§ Supplied material:
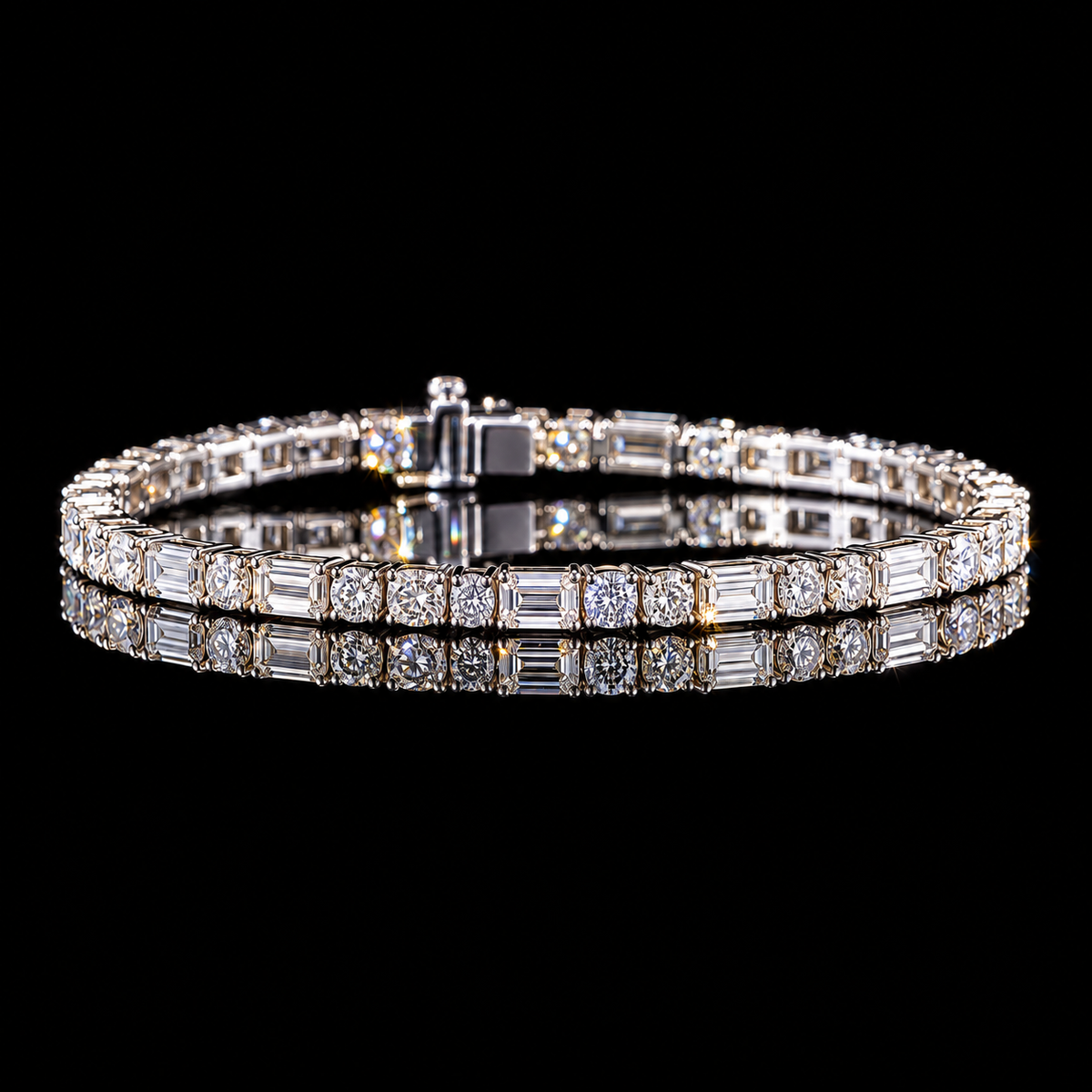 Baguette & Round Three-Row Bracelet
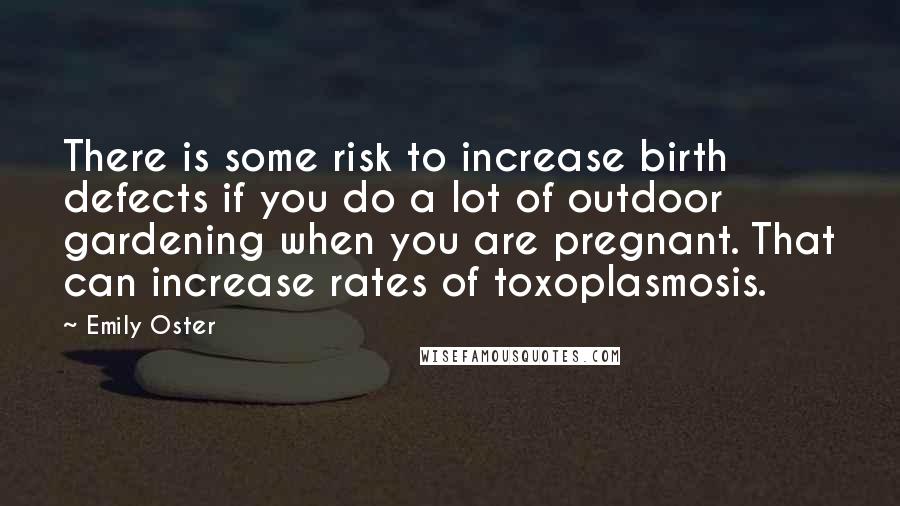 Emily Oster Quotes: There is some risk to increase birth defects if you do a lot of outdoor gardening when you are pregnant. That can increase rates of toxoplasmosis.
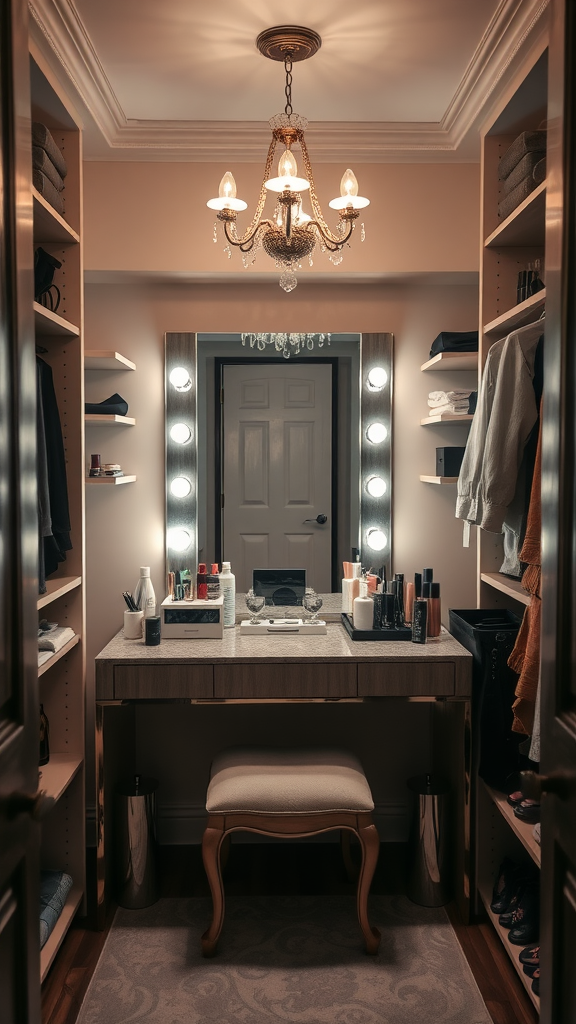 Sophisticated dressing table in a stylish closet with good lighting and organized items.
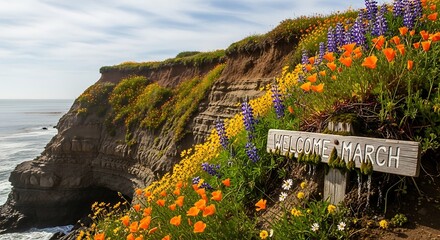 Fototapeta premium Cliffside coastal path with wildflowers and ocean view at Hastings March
* * *
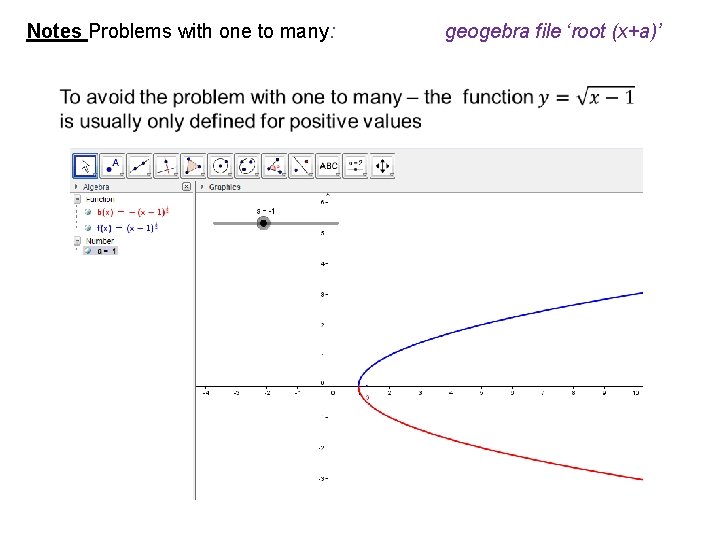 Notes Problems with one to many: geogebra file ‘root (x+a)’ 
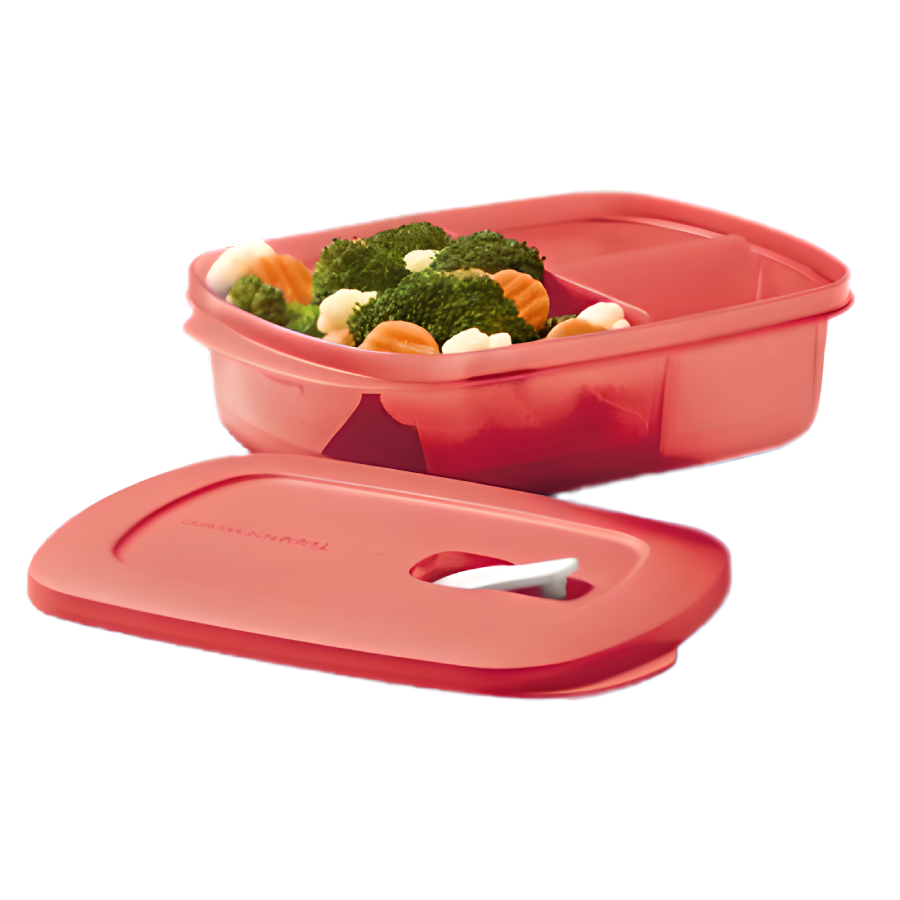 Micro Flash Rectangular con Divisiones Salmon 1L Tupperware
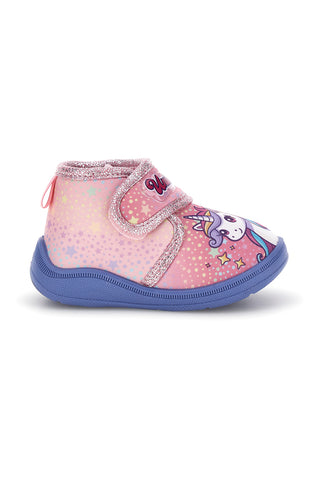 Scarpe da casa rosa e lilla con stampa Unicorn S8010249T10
---
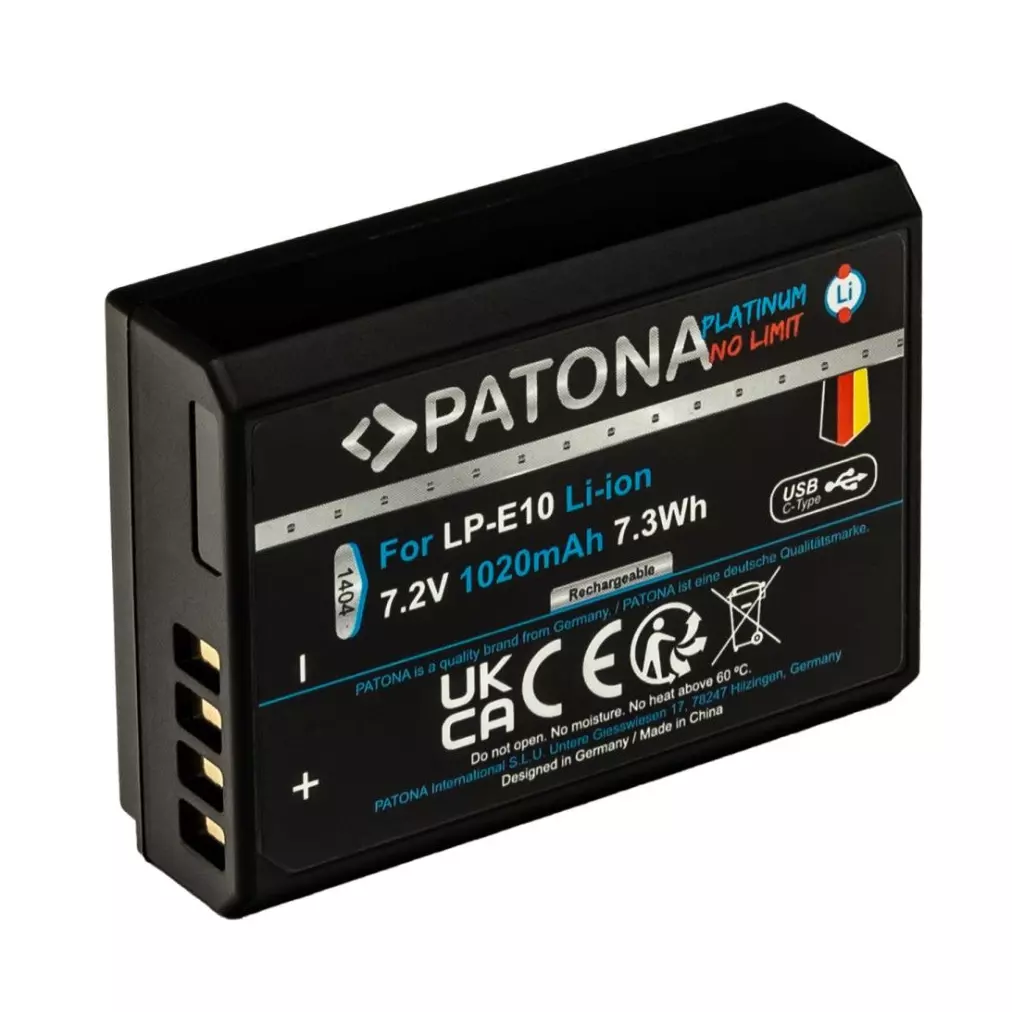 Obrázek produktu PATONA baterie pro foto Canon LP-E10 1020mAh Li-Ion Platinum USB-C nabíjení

§ Activity:
While skipping the pictures, transcribe the data above from the line showing "Notes Problems with" through the line showing "Scarpe da casa", exactly and with both ends.

§ Reply to the task:
 Notes Problems with one to many: geogebra file ‘root (x+a)’ 
 Micro Flash Rectangular con Divisiones Salmon 1L Tupperware
 Scarpe da casa rosa e lilla con stampa Unicorn S8010249T10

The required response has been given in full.